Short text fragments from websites
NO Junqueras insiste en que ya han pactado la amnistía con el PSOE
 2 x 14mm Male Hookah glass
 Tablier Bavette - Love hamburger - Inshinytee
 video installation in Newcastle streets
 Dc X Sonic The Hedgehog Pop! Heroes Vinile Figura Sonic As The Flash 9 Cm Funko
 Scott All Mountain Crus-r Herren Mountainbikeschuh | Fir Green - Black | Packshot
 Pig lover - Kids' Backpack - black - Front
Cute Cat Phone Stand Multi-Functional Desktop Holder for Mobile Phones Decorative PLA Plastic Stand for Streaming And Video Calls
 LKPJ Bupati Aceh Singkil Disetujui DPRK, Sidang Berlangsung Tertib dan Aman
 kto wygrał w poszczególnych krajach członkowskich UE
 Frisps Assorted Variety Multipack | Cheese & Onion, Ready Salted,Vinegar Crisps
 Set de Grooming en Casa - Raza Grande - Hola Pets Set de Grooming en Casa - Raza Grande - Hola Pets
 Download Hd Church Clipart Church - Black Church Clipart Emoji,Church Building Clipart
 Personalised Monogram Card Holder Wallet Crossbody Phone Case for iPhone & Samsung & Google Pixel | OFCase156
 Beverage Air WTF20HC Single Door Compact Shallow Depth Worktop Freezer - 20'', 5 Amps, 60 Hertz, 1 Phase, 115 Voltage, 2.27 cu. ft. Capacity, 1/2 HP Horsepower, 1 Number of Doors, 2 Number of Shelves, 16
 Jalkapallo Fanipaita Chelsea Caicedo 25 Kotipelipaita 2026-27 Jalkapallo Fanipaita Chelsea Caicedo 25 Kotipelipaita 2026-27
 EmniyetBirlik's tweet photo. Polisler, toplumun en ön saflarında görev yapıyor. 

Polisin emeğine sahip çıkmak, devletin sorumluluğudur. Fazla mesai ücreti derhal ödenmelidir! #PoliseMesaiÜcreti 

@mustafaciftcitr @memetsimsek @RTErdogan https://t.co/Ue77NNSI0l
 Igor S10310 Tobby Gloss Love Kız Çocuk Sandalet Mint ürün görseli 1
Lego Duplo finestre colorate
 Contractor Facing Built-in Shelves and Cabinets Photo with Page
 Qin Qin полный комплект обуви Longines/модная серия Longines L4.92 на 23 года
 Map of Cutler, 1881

(WORK INSTRUCTIONS) Look through the entries above and list every line containing "Holder".

(RESULT FOR THIS EXERCISE)
Cute Cat Phone Stand Multi-Functional Desktop Holder for Mobile Phones Decorative PLA Plastic Stand for Streaming And Video Calls
 Personalised Monogram Card Holder Wallet Crossbody Phone Case for iPhone & Samsung & Google Pixel | OFCase156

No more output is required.